Activity: Could you transcribe exactly the lines below, from the line with "Notre-Dame-de-la-Merci Villa |" through the line with "MAĎARSKO - TRIZS", and nothing else, leaving out the pictures?
-- -- --
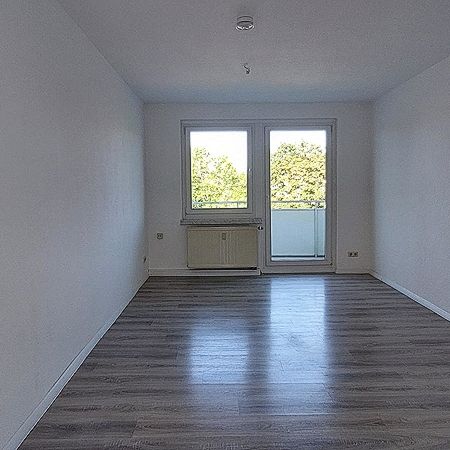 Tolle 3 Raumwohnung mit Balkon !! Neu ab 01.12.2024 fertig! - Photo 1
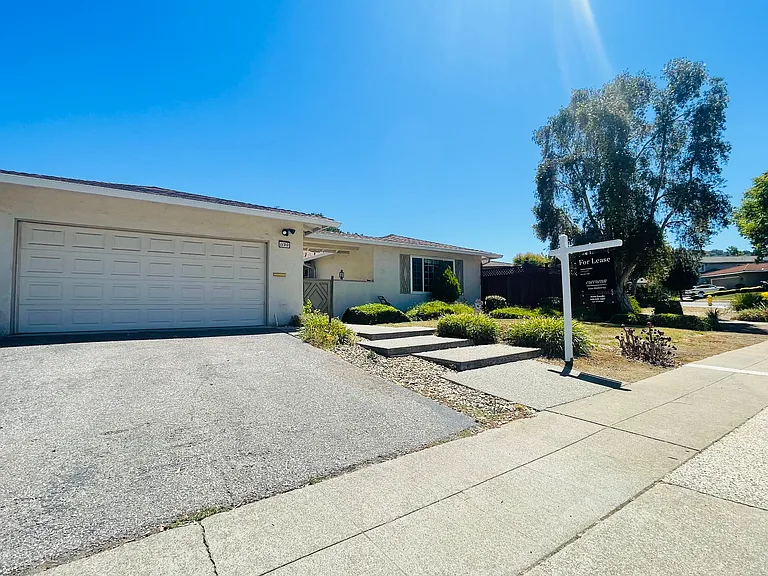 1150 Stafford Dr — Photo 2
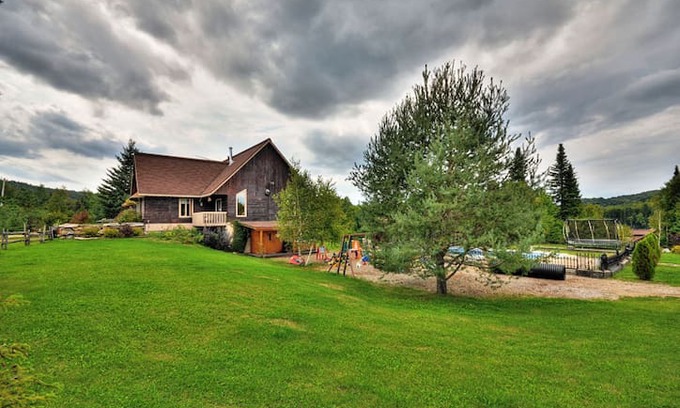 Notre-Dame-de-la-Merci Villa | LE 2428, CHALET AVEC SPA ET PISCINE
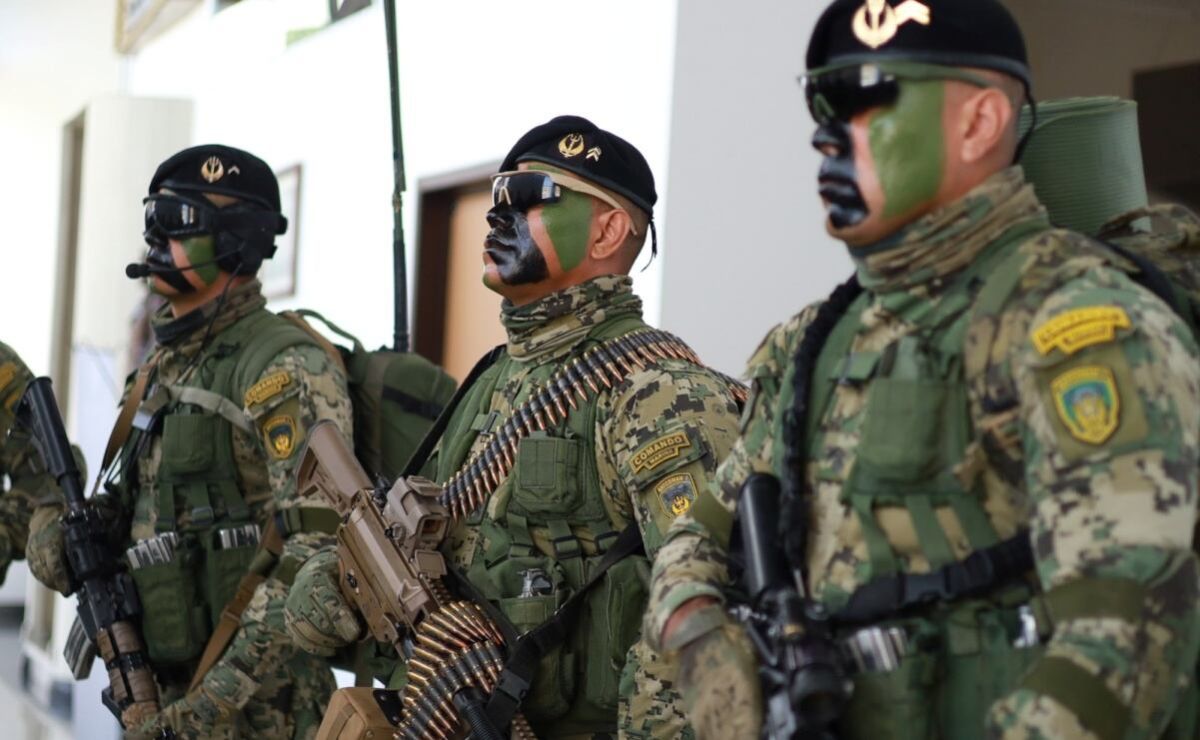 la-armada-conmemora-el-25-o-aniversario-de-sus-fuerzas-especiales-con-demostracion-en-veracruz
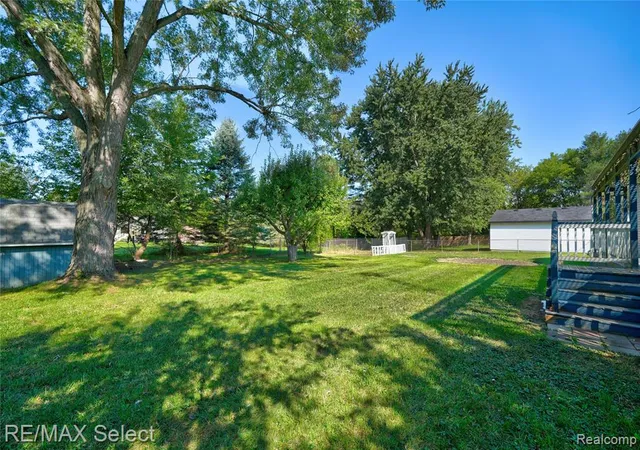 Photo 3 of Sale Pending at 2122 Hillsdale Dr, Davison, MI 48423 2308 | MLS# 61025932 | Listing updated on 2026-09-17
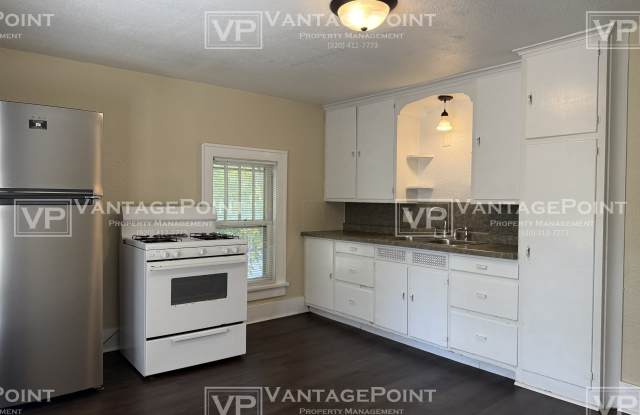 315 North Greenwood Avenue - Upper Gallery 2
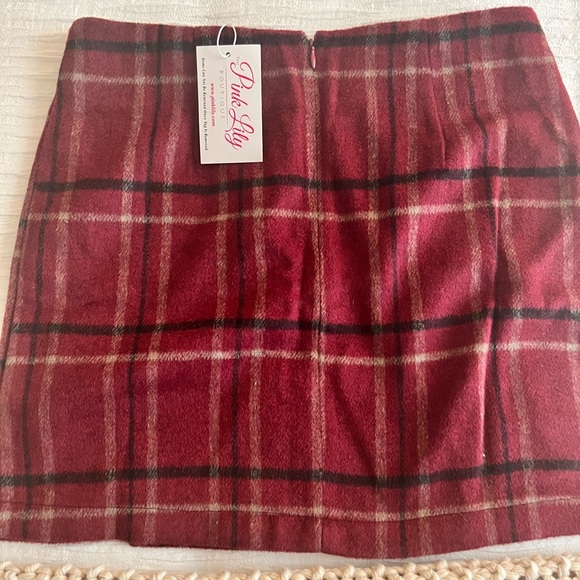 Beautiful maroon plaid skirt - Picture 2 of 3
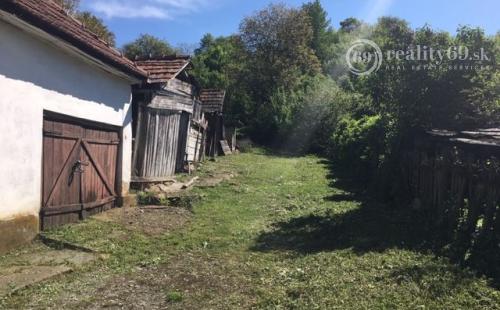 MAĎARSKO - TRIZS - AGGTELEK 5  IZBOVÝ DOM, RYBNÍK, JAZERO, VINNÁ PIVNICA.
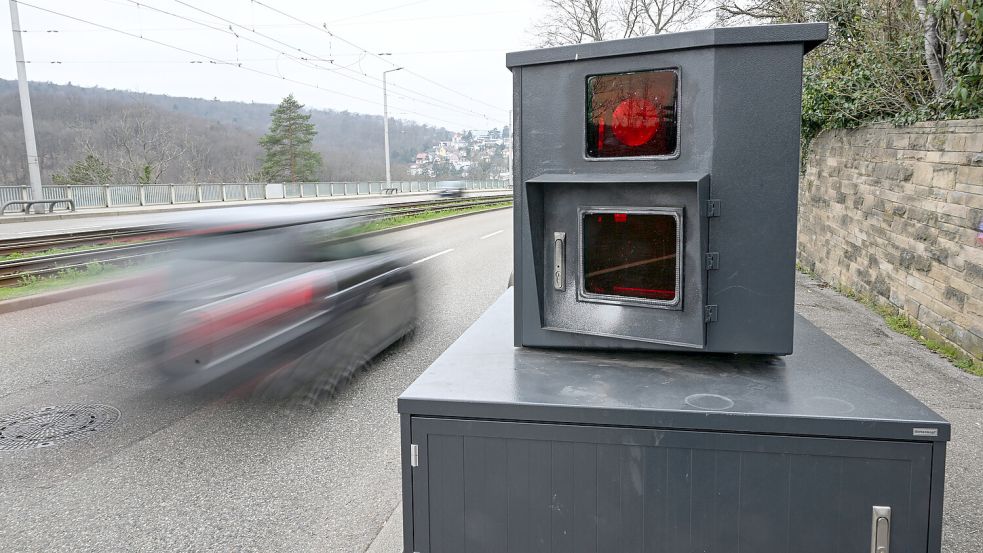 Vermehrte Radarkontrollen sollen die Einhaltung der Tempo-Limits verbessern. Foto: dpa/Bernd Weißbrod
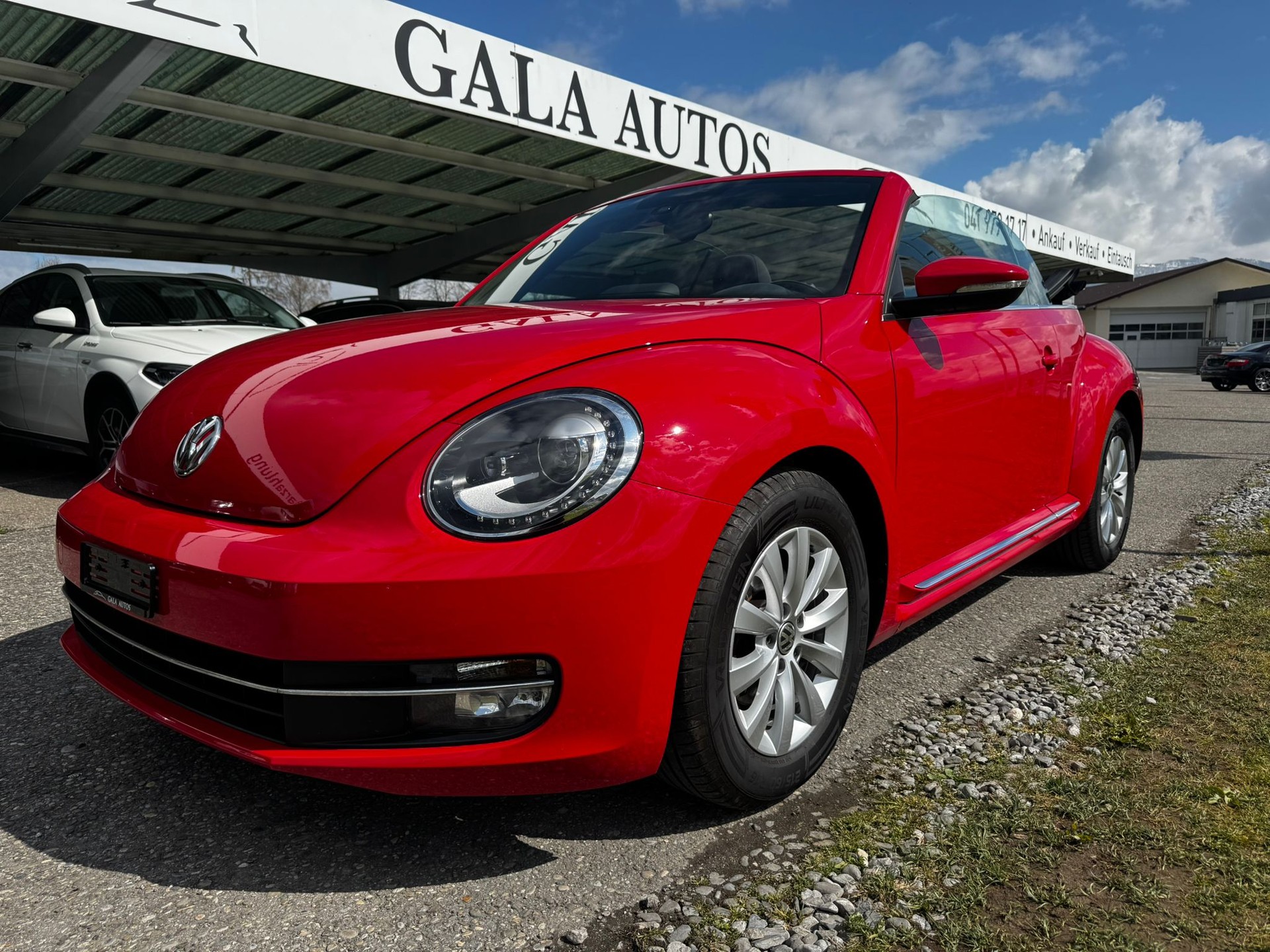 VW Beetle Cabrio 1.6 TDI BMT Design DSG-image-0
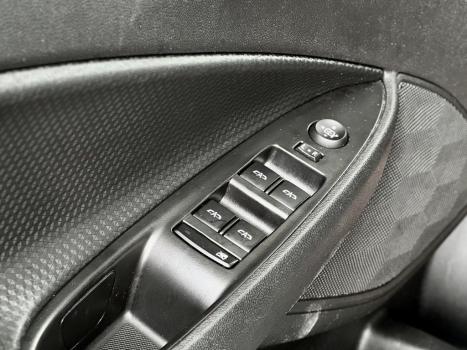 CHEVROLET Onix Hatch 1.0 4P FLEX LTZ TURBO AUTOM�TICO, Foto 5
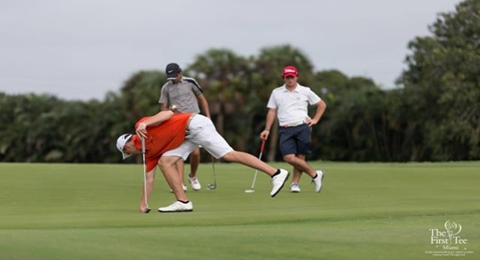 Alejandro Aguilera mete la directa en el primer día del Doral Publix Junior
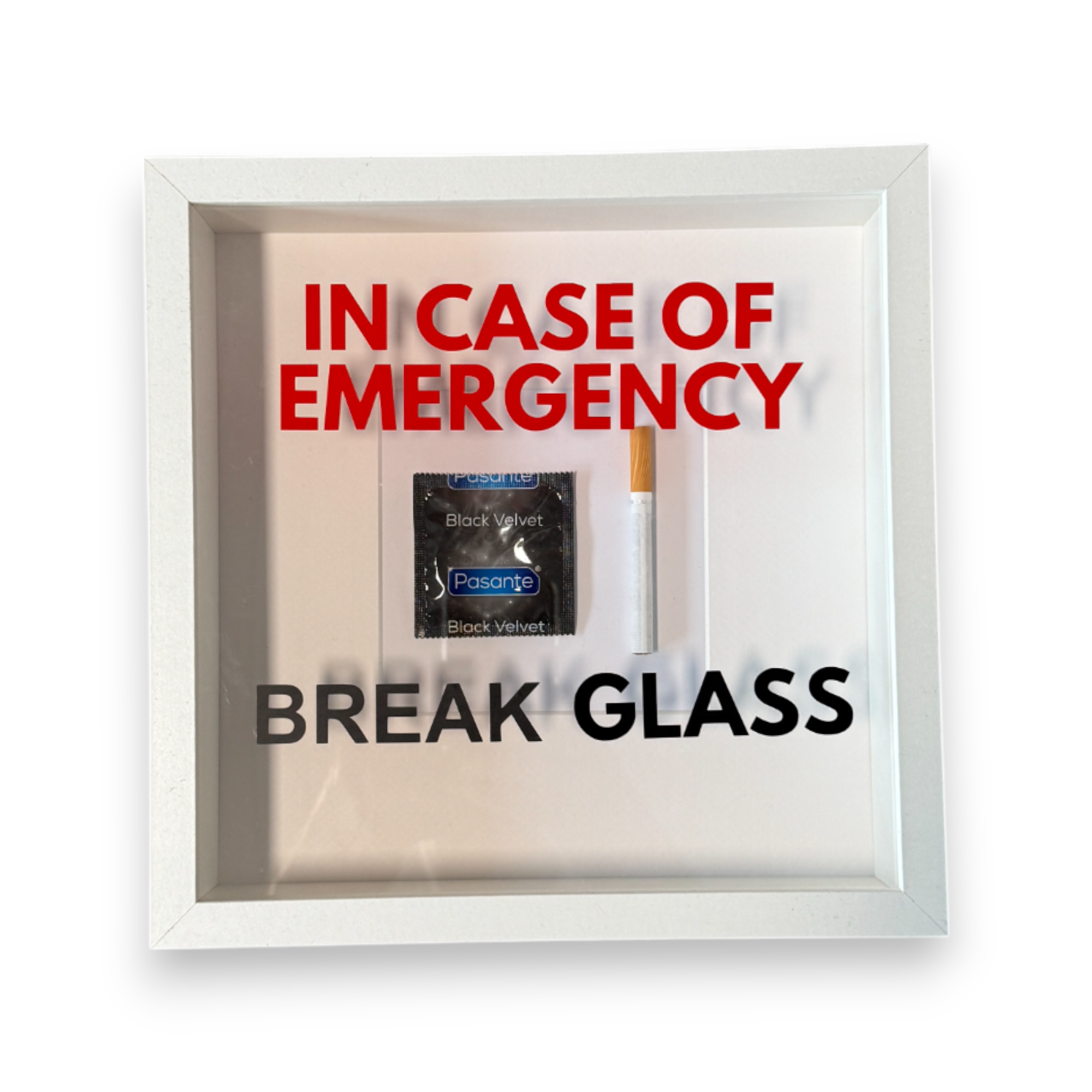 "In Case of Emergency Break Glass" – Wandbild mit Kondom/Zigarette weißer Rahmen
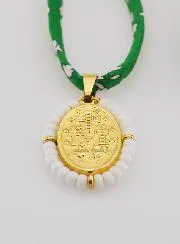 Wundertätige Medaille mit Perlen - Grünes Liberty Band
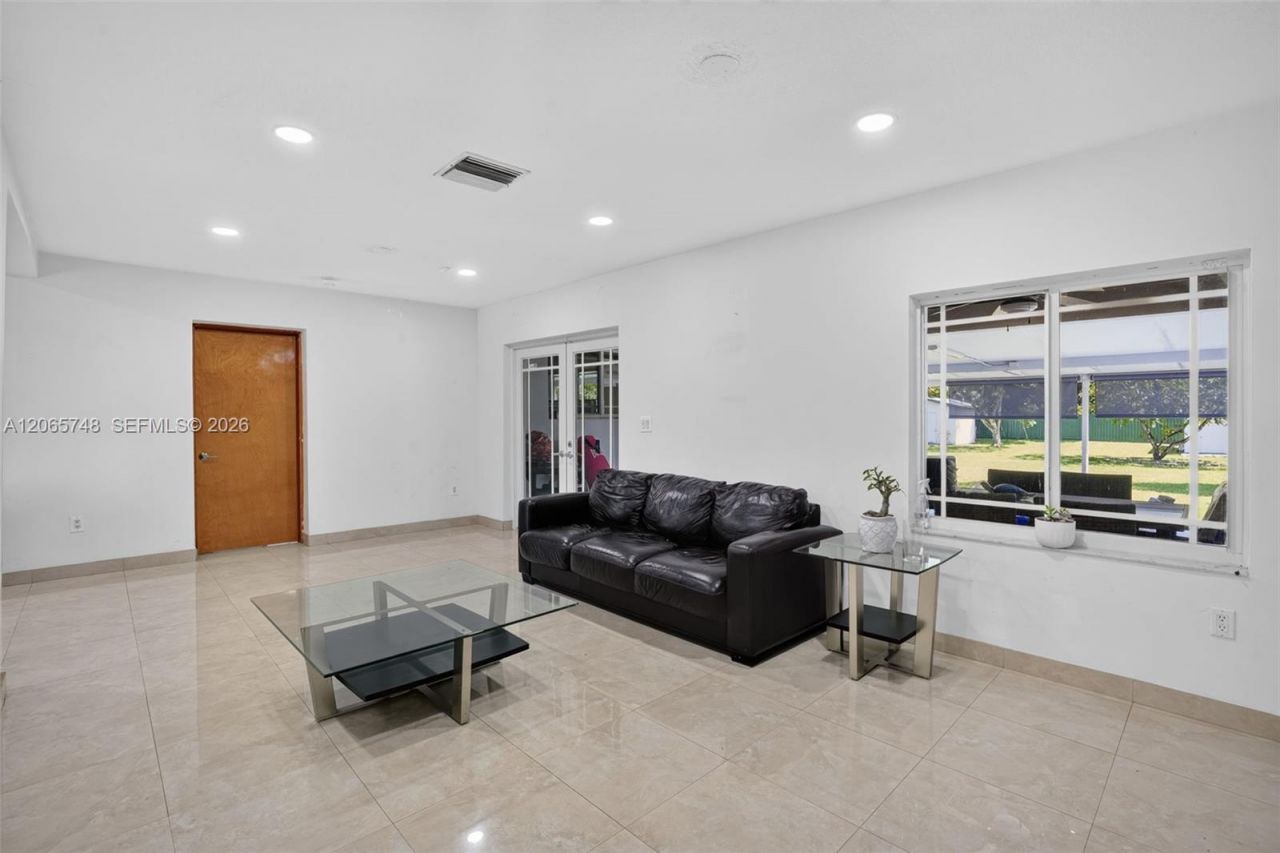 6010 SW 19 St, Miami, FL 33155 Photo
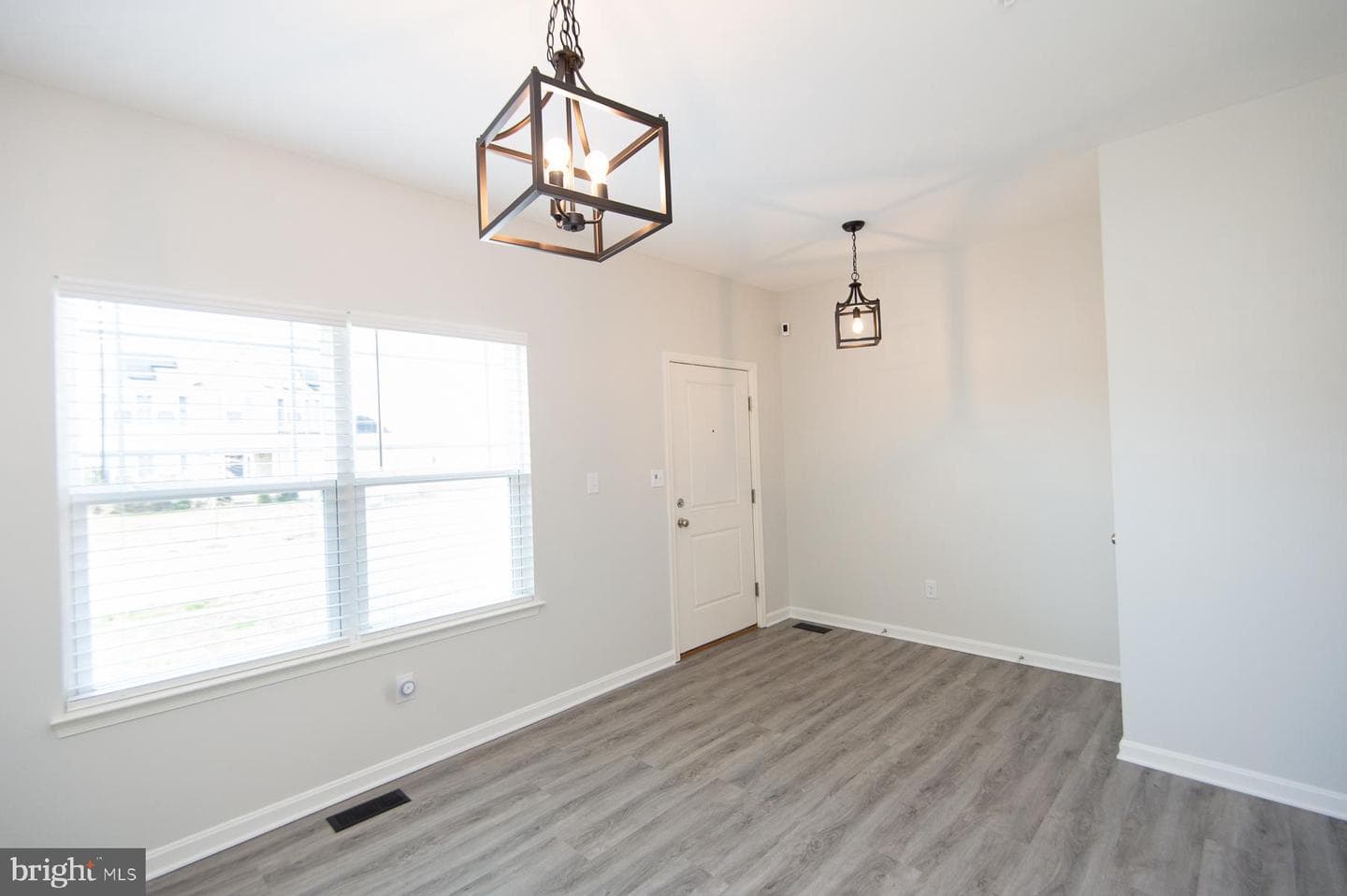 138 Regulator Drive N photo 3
-- -- --
Written reply:
 Notre-Dame-de-la-Merci Villa | LE 2428, CHALET AVEC SPA ET PISCINE
 la-armada-conmemora-el-25-o-aniversario-de-sus-fuerzas-especiales-con-demostracion-en-veracruz
 Photo 3 of Sale Pending at 2122 Hillsdale Dr, Davison, MI 48423 2308 | MLS# 61025932 | Listing updated on 2026-09-17
 315 North Greenwood Avenue - Upper Gallery 2
 Beautiful maroon plaid skirt - Picture 2 of 3
 MAĎARSKO - TRIZS - AGGTELEK 5  IZBOVÝ DOM, RYBNÍK, JAZERO, VINNÁ PIVNICA.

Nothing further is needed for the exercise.